Come 14 November and India will witness one of its most celebrated icons Sachin Ramesh Tendulkar play his 200th and final test match against the West Indies.
Even as everyone - from brands to hotels to television channels - is busy planning the best possible farewell for the little master, one channel has hit upon a unique way to mark the occasion.
The channel in question - Star Sports 3 (Hindi) - will debut a new chat show, Heroes, on the very same day, featuring 13 top cricketers from across the globe, starting with none other than Sachin.
Heroes, which is more in Hindi and less in English, has been created by Greymatter Entertainment (GME) in collaboration with Star Sports and Smaash located at Lower Parel, Mumbai.
Speaking about Heroes, GME owner Rahul Sarangi says: “It is a unique chat show, where the world’s top cricketers will be seen chatting informally with kids in the age group of 7-14 years. As for Sachin, he is the biggest icon that India has ever had. He has given us more smiles than any other icon.”
Apart from Sachin, the 13-episode series will feature Suresh Raina, Virat Kohli, Rohit Sharma, Ravindra Jadeja, Shikhar Dhawan and Kumara Sangakara among other cricketers.
Explaining the thought process behind Heroes, Sarangi says: “It is simple; it is an entertainment chat show, and yet inspiring. This is also in sync with Star Sports’ new campaign ‘I believe’. The show is for kids to find the heroes within themselves.”
Elaborating on the show being in sync with ‘I believe’, Sarangi says: “If you see cricketers today, they come from small towns, having big dreams. The reason they had bigger dreams was because they grew up watching Sunil Gavaskar, Kapil Dev, Saurav Ganguly and Rahul Dravid in their younger days. So, through this show, we give these kids an opportunity to come closer to their heroes and understand what they do when off the field.”
Sarangi informs that around 60 kids are part of the show and pose candid questions to the cricketers. Apparently, six to seven cameras were used during the shoot, with three edit machines to edit the show. Since the makers needed a very informal environment, the series was shot inside Smaash.
According to Sarangi, Heroes is about inspirational stories of cricketers, minus any gyaan. “Since it is a ‘No gossip’ show, cricketers are without guard: talking everything under the sun,” he says, pointing out that they will be showcased in a completely different avatar. The show has been moderated by Roshni Chopra.

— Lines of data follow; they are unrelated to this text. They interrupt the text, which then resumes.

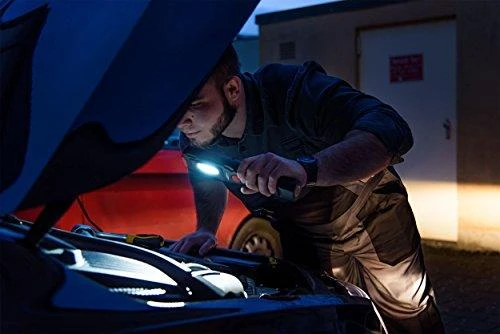 Ansmann IL300R Juoda Rankinis žibintuvėlis LED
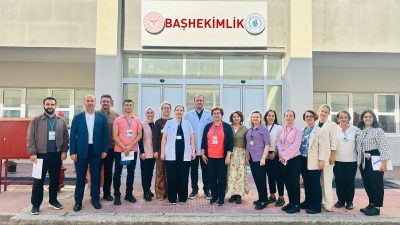 Bandırma Eğitim ve Araştırma Hastanesi’nde yönerge kapsamında gerçekleştirilen değerlendirmede sağlık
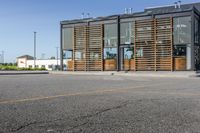 Residential Area in Toronto City: Concrete Structures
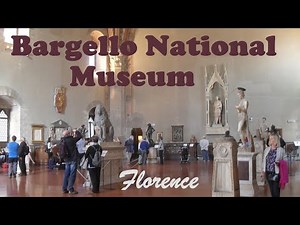 Florence. Bargello National Museum.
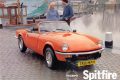 Storia dell'auto: TRIUMPH SPITFIRE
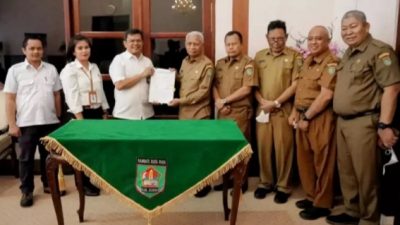 Pemkab Asahan Terima Aset Rusunawa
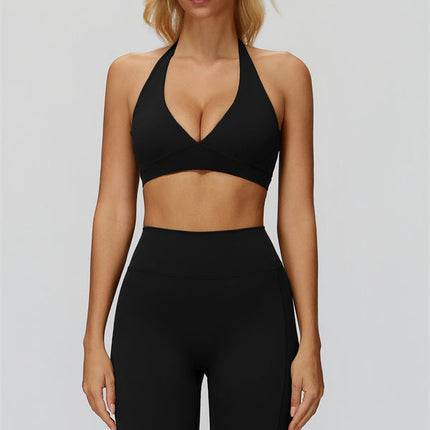 The Fyra Sports Bra Flared Leggings 2-Piece Set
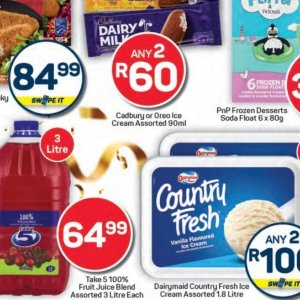 Cream at Pick n Pay Hyper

He substantiates: “Virat Kohli will be seen teaching kids how to dance, Sangakara will teach violin and Raina will be seen cooking. And yet, all of them will talk about their childhood and what made them the heroes that they are today. It is through the inspirational figure that the kids will get to hear inspirational stories.”
Sarangi goes on to reveal that Sachin will be seen teaching kids how to play spin against Shane Warne. “Smaash, which has a 3D facility, will show Warne balling. During the episode, Sachin will be seen teaching the kids how to bat on such kind of spin ball delivery,” he illustrates.
It is a unique chat show, where the world’s top cricketers will be seen chatting informally with kids in the age group of 7-14 years says Rahul Sarangi
Rubbishing any suggestions of the show being scripted, Sarangi adds: “Considering the show is not scripted, it is the kids who come up with the questions. It is just filtered by the channel and also us, to ensure that the questions aren’t repetitive. We keep the house open for questions. We don’t feed any questions.”
About the collaboration, he says: “It was a concept well thought by Star Sports. The channel wanted to do a chat show. They approached us with the brief, after which together we brain stormed and came up with the concept.”
Sarangi explains that the cricketers featured on Heroes were decided together by all three parties involved. “The next step was to convince them to be part of the show, considering all of them are popular players, it was difficult to get their time,” he says.
The cricketers spent approximately five hours on the sets for the shoot. “We shot one hour of content to come up with a 24 minute episode,” he says, adding it was a once in a lifetime opportunity for the kids. “They are not a studio audience. Here, they sit so close to the cricketer that they can touch him and also interact with him like they were sitting with him in their living room.”
A considerable amount of time went into the making of Heroes. “A thorough research was conducted to understand what is palatable to the audience, what would be fun for the kids and yet make sense to our audiences watching the show. Even designing the look and feel of every episode took sufficient amount of time,” says Sarangi.
How confident are the makers about the show? “These days shows are made on conviction,” replies Sarangi, adding “We had two kids’ managers to look into the needs of the kids. Since we were shooting with kids, we had to take care of the hygiene and many other issues relating to shooting.”
It’s an in-house creative team that worked on the show. “Almost 40 people sat on production, post production, editing, research etc for the show. We don’t believe in taking freelancers for shows like this,” Sarangi rounds off.